= Schwartz & Gross =

American architectural firm (1901–63)

Schwartz & Gross was a New York City architectural firm active from at least 1901 to 1963, and which designed numerous apartment buildings in the city during the first half of the 20th century. The firm, together with the firm Neville & Bagge and the firm owned by George F. Pelham, accounted for about half the apartment houses in Manhattan's Morningside Heights neighborhood.

==Principals==
Simon I. Schwartz and Arthur Gross were both American architects of Jewish background. The two met as students at the Hebrew Technical Institute, in Manhattan's East Village neighborhood, in the 1890s. After working for other firms, they founded their own company in 1902. They primarily designed apartment houses on the Upper East Side and the Upper West Side, and while the firm continued through at least 1963, the founders stopped personally designing buildings sometime after the Great Depression. Each died in the 1950s.

==Notable works==
The firm was highly prominent during its most active years, designing, along with New York firms Neville & Bagge and George F. Pelham's firm, around half of the apartment buildings in Morningside Heights, as well as numerous other buildings throughout New York City. Schwartz & Gross designed eight of the historic buildings on Central Park West that are deemed contributing properties of the Central Park West Historic District, including 55 Central Park West, colloquially known as the "Ghostbusters Building" after its prominent appearance in that 1984 movie.

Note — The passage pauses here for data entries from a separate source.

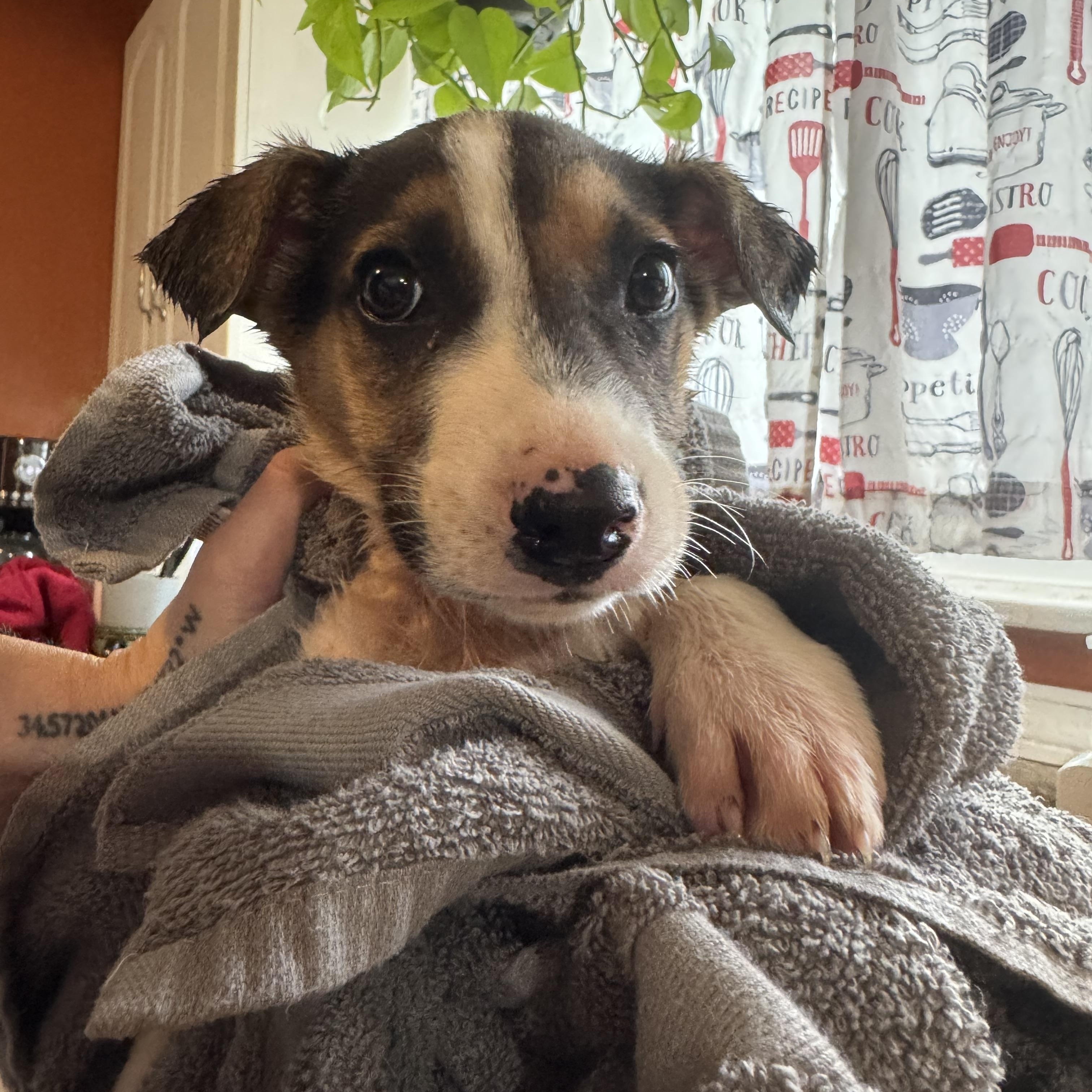 Enlarge Snoop Dogg! Sweet gentle boy , a ADOPTABLE mixed breed in RUSSIAVILLE, IN image 1/5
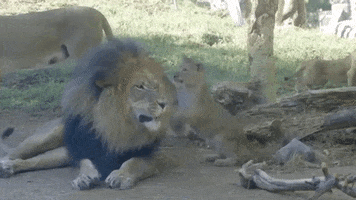 Fathers Day Cats GIF by San Diego Zoo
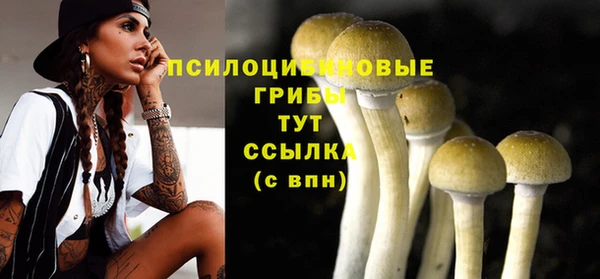 метамфетамин Вяземский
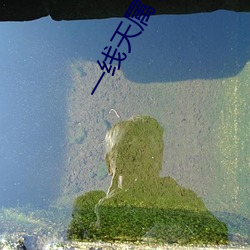 一线天属于极品吗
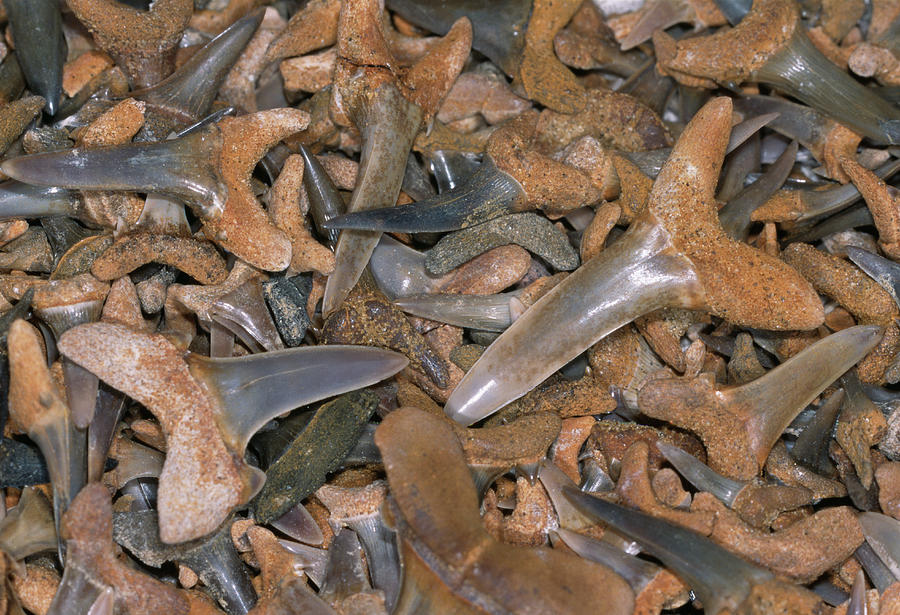 Fossil Shark Teeth Photograph by Sinclair Stammers/science Photo Library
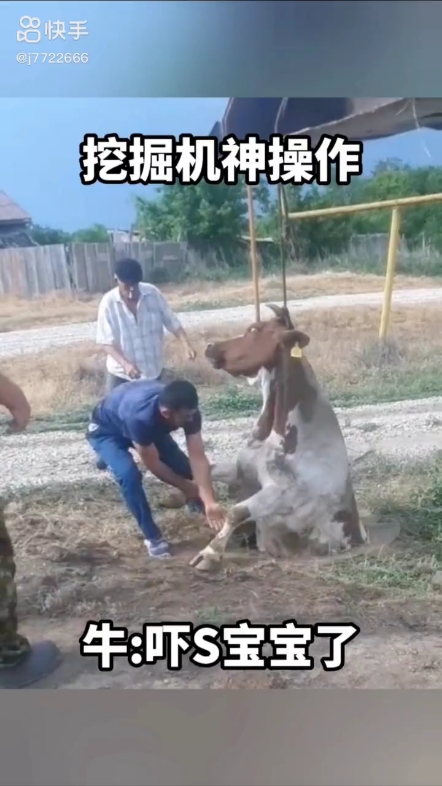 每日發(fā)帖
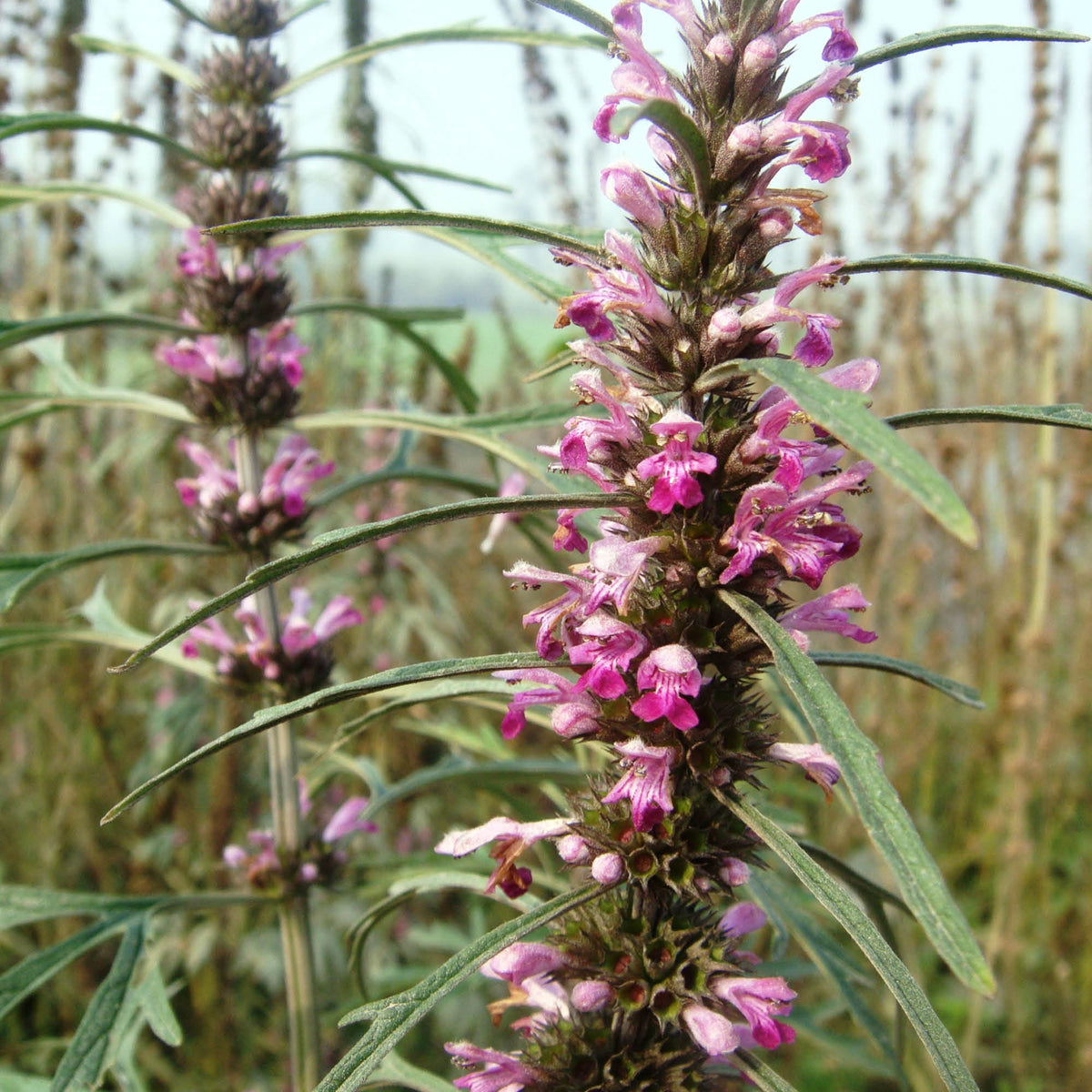 Siberian Motherwort Leonurus sibiricus seeds for garden planting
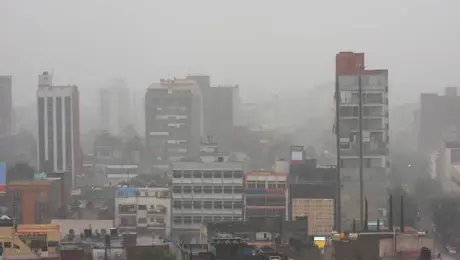 Febrero inicia con frío en la CDMX: activan doble alerta por bajas temperaturas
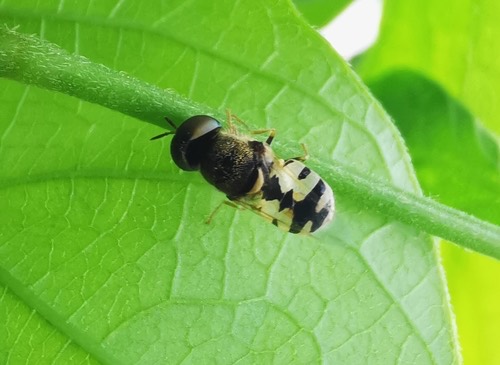 Oplodontha facinigra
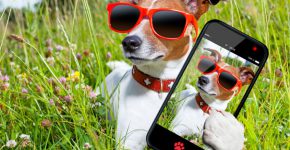 להשתדרג עוד לפני הצילום. צילום: BigStock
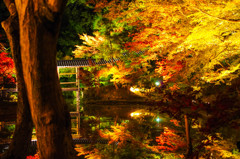 いつかの京都。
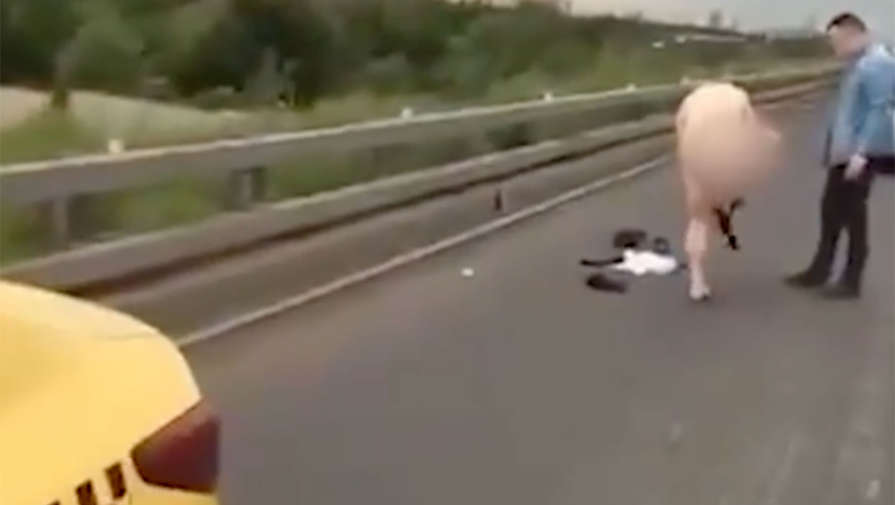 На МКАД водитель такси выскочил из автомобиля и разделся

One building, Majestic Towers at 215 West 75th Street, was completed in 1924 as a brothel and de facto men's clubhouse, with hidden stairways and secret doorways. A bordello run by Polly Adler boasted such patrons as Robert Benchley, New York City mayor Jimmy Walker, and mobster Dutch Schultz. Another building 370 Riverside Drive was a home to many notable residents, including political theorist Hannah Arendt, among others.

Schwartz & Gross also designed at least one building on Long Island: The Wychwood, later converted to a building cooperative, in Great Neck, New York.